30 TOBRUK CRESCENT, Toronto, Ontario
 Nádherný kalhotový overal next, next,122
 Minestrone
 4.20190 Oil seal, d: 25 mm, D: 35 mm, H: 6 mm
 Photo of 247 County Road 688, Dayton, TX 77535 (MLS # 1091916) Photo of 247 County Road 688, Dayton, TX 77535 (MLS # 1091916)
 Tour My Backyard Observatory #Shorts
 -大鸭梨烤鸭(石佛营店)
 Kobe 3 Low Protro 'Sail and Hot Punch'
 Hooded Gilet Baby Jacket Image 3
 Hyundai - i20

================================

▸ Task
Write down the entire listing above verbatim.

▸ Response
30 TOBRUK CRESCENT, Toronto, Ontario
 Nádherný kalhotový overal next, next,122
 Minestrone
 4.20190 Oil seal, d: 25 mm, D: 35 mm, H: 6 mm
 Photo of 247 County Road 688, Dayton, TX 77535 (MLS # 1091916) Photo of 247 County Road 688, Dayton, TX 77535 (MLS # 1091916)
 Tour My Backyard Observatory #Shorts
 -大鸭梨烤鸭(石佛营店)
 Kobe 3 Low Protro 'Sail and Hot Punch'
 Hooded Gilet Baby Jacket Image 3
 Hyundai - i20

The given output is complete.